Olivas majored in English at Stanford, but he never
took any creative writing courses, “because I
thought that would be a frivolous thing to do,”
he says. But he was always working on a publication,
from the Chaparral, where he was staff artist
and art director, to UCLA Law School’s Chicano
Law Review, which he edited.
Writing turned out to be crucial to his career. Olivas
is a deputy attorney general with the California Department
of Justice, where he specializes in environmental enforcement
and land-use issues. “You win half the battle
in court with high-quality brief writing,” he
says.
“Writing a good brief is like writing a good story,”
the author adds. He chides lawyers who think doing a
brief is formulaic—“forgetting about the
human side, forgetting that a person is going to read
the briefs, forgetting that there’s a story behind
every case and behind every person involved in every
case. So that’s how I approach brief writing:
like story writing. Not that I put fiction in my briefs,”

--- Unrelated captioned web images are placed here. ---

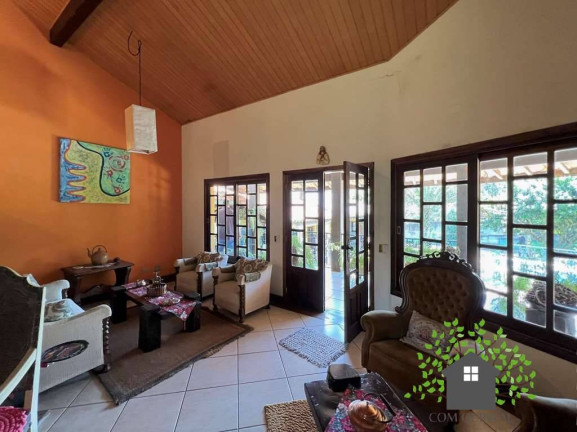 Imagem Casa com 3 Quartos à Venda, 2.380 m² em Parque Silvino Pereira - Cotia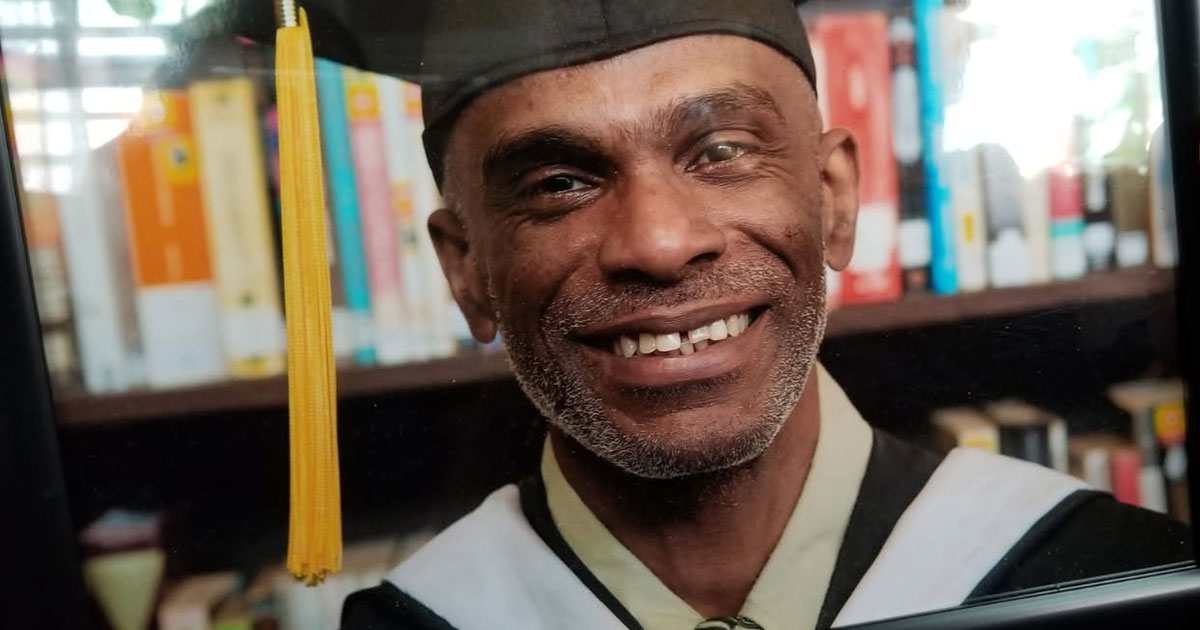 Jamaican Deported to PRISON in Africa, After 50yrs Living in America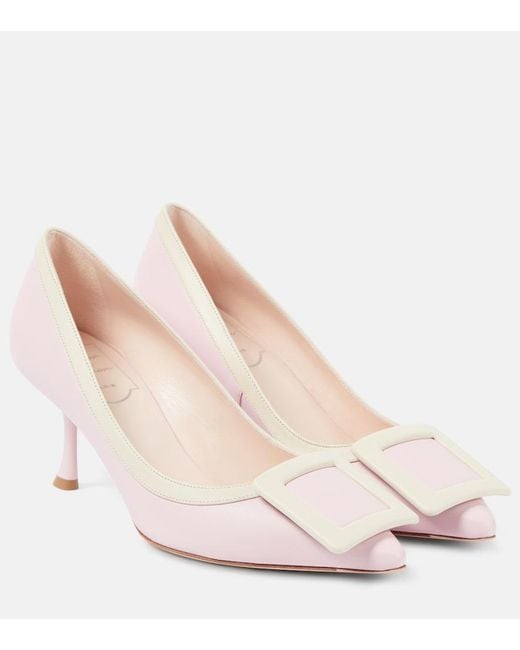 Roger Vivier Natural Viv'
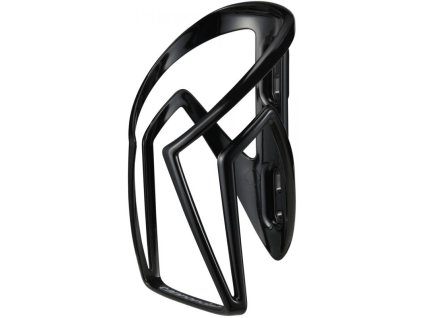 Košík na láhev Cannondale Nylon Speed-C BLK/WHT (CP5500U14OS)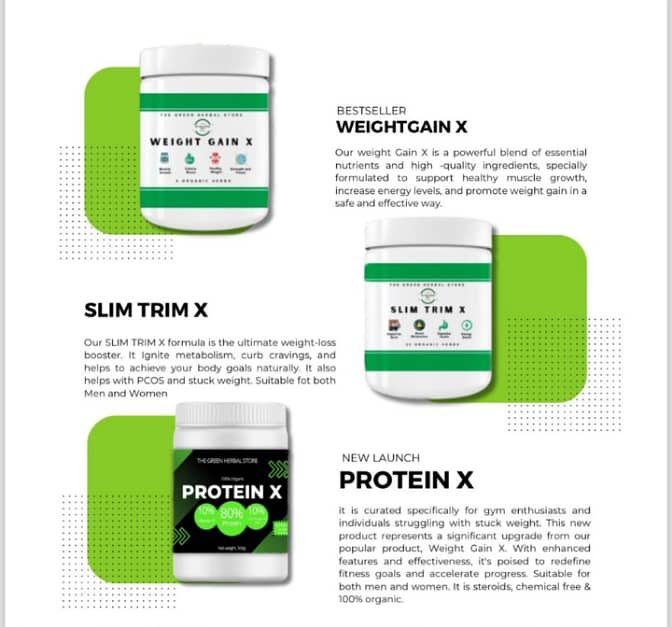 Gym supplement | weight gain (eatmor) 5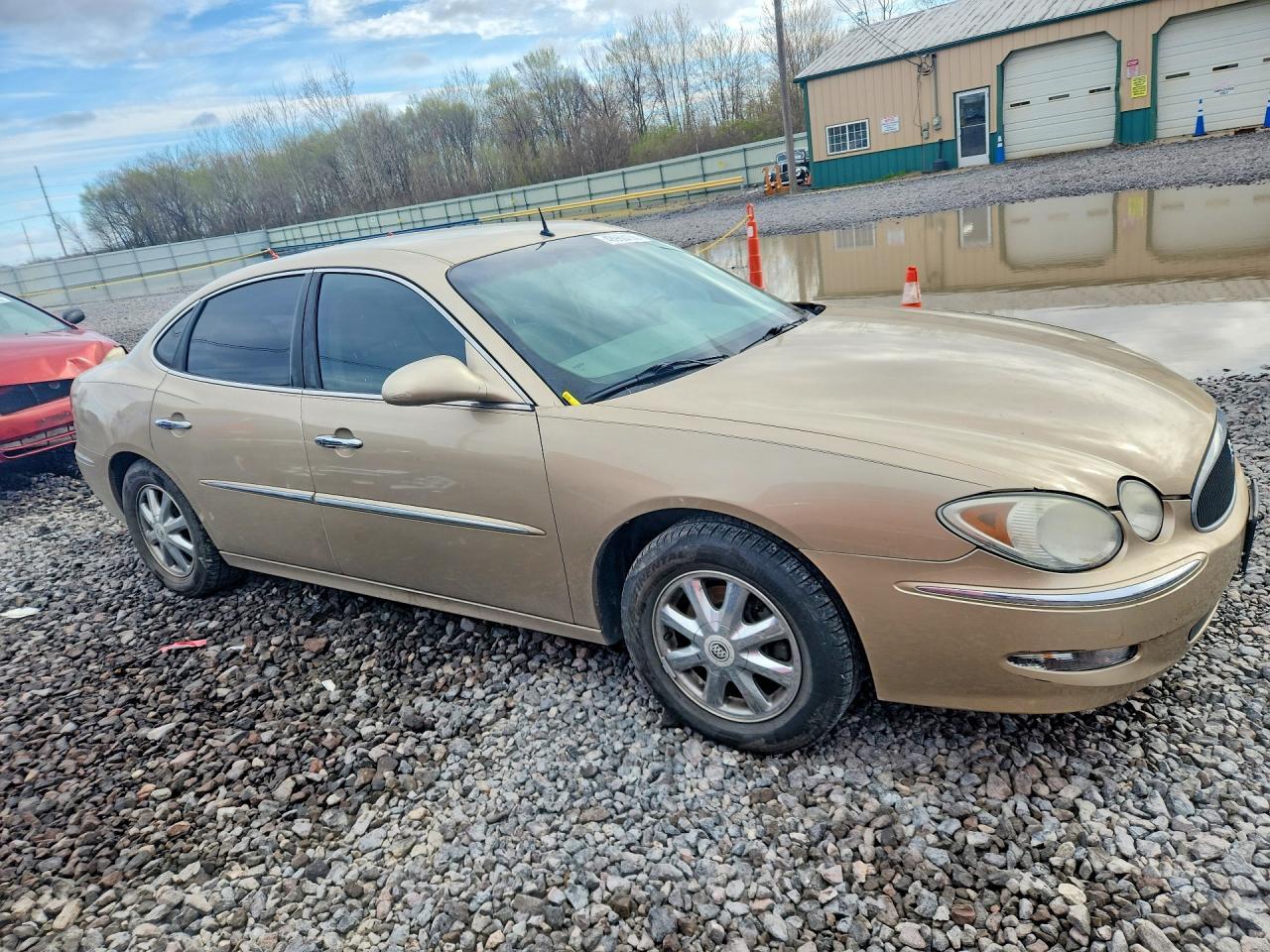 2005 Buick Lacrosse Cxl - Image 4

he asserts quickly, recalling the quip of an opposing
counsel who said of his books, “Oh, now you’re
making money on the side doing something you’ve
been doing all along.”
In fact, that’s a fair observation, but not quite
the way his colleague meant. By bringing his real-life
experience to his fiction, Olivas creates characters
who ring true. A Los Angeles Times review of Assumption
and Other Stories noted, “Though some of the stories
are little more than sketches running two or three pages,
Olivas is adept at establishing character in a sentence
or two; he creates an image, a moment of self-deception,
in which we come to know these characters intimately.”
Some of his stories have strong autobiographical elements.
In Assumption’s “Summertime,” a white
supremacist sniper shoots children at a Jewish summer
camp. Olivas’s son, 13-year-old Benjamin, who
is Chicano and Jewish like one of the characters, witnessed
such an incident at his own summer program. Another
story, “New Year,” tells of a man whose
wife has just had her fifth miscarriage, echoing the
story of how Olivas first turned to writing fiction.
In 1998, Olivas’s wife, Susan Formaker, suffered
the fifth of six miscarriages. “I was helping
her and my son with their grief, but I wasn’t
dealing with my grief very well at all,” he explains.
“So I started to write.” That effort became
The Courtship of María Rivera Peña, “loosely
based on my family history—my dad’s parents’
migration from Mexico to L.A. in the 1920s. And the
reason that story came out of me is that it dealt with
all the good things in life, but also all the bad things,
the things where you don’t have control.”
Having made a start, Olivas decided that to continue
writing fiction seriously he needed to catch up on Latino
literature, which was absent from the curriculum when
he was studying Woolf, Shakespeare and Lawrence at Stanford
and during his time at Stanford’s overseas program
at Cliveden, in England. “I read House on Mango
Street [by Sandra Cisneros] and I just fell in love
with that book. It was a sock between the eyes. I read
Victor Villaseñor, and I grabbed Bless Me, Ultima [by Rudolfo Anaya],” he says. “That’s
when I really started reading Latino literature.”
Olivas captures diverse points of view in his stories—he
calls it the writer’s equivalent of character
acting. “Creating voices for characters very different
from himself is Dan’s specialty,” says Linda
Thurston, his editor at Bilingual Press. “For
example, in Assumption he takes on voices of an ordinary
man, a lesbian, a female criminal who has just committed
a murder, a criminal who is planning a hate crime, a
priest, a nun and many others. He seems to be able to
use any voice he wants and make it convincing.” Not a bad outcome for someone who was once mute.